West should lift Zimbabwe sanctions: SADC

15-nation regional organisation says that Zimbabwe has suffered enough and that Robert Mugabe’s victory was fair.

Robert Mugabe
89-year-old Mugabe is Africa's oldest leader [Reuters]

Southern African leaders have called on Western nations to lift sanctions against Zimbabwe, saying they are satisfied elections that kept longtime President Robert Mugabe in power were “free and peaceful”.

The 15-nation Southern African Development Community’s (SADC) incoming head, Malawi President Joyce Banda, said that “the people of Zimbabwe have suffered enough”.

She was speaking at the end of a weekend summit in Malawi’s capital, Lilongwe. Mugabe won the July 31 election according to Zimbabwe’s electoral commission but challenger and former Prime Minister Morgan Tsvangirai has alleged widespread rigging in the poll.

Western nations, prevented by Mugabe from sending observers, have condemned the vote for irregularities in voters’ lists and in election procedures. Independent local observers also complained of irregularities.

Britain, the United States and the European Union have imposed sanctions against Mugabe and senior ZANU-PF leaders for human rights violations and suspected vote rigging and suspected rigging of previous elections

The sanctions involve business, banking and travel bans.

Court challenge

By backing the result, SADC, which helped broker a power-sharing deal after disputed elections in 2008, clears the way for 89-year-old Mugabe to be sworn in as early as this week for a fresh five-year term.
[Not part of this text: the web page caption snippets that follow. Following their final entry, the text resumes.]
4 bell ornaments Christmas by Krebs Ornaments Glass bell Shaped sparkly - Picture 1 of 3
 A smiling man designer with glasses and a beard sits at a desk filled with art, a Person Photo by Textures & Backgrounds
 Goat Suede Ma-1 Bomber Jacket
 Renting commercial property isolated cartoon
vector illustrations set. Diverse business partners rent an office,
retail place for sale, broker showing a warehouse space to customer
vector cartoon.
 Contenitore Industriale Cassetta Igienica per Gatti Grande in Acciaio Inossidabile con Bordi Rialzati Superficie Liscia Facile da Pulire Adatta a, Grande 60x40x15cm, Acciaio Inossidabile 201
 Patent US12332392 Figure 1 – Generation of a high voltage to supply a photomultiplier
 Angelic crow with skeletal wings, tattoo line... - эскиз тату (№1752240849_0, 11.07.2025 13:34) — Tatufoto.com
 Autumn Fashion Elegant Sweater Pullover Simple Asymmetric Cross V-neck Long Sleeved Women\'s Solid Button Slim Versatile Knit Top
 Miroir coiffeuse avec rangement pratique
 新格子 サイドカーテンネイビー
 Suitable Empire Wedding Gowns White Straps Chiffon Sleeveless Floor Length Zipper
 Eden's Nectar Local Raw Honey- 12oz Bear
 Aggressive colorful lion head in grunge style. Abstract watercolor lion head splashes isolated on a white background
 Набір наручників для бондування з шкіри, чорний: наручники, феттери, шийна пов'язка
“The summit congratulated his honourable Robert Mugabe for winning the election in Zimbabwe,” a South African foreign ministry official said.

At the meeting, the group also named Mugabe, Africa’s oldest leader, as its deputy chairman and said it would hold a summit next year in Zimbabwe’s capital.

The oppositon Movement for Democratic Change (MDC) on Friday withdrew a court challenge against the re-election, saying it would not get a fair hearing. It sent delegates to Lilongwe to raise its objections.

Political analysts said Tsvangirai has been careful not to speak about street protests, fearing a crackdown on the MDC by Mugabe’s security forces.

Former colonial power Britain had urged SADC to look carefully at accusations of fraud in last month’s poll and said it was disappointed opposition parties had withdrawn its legal challenge.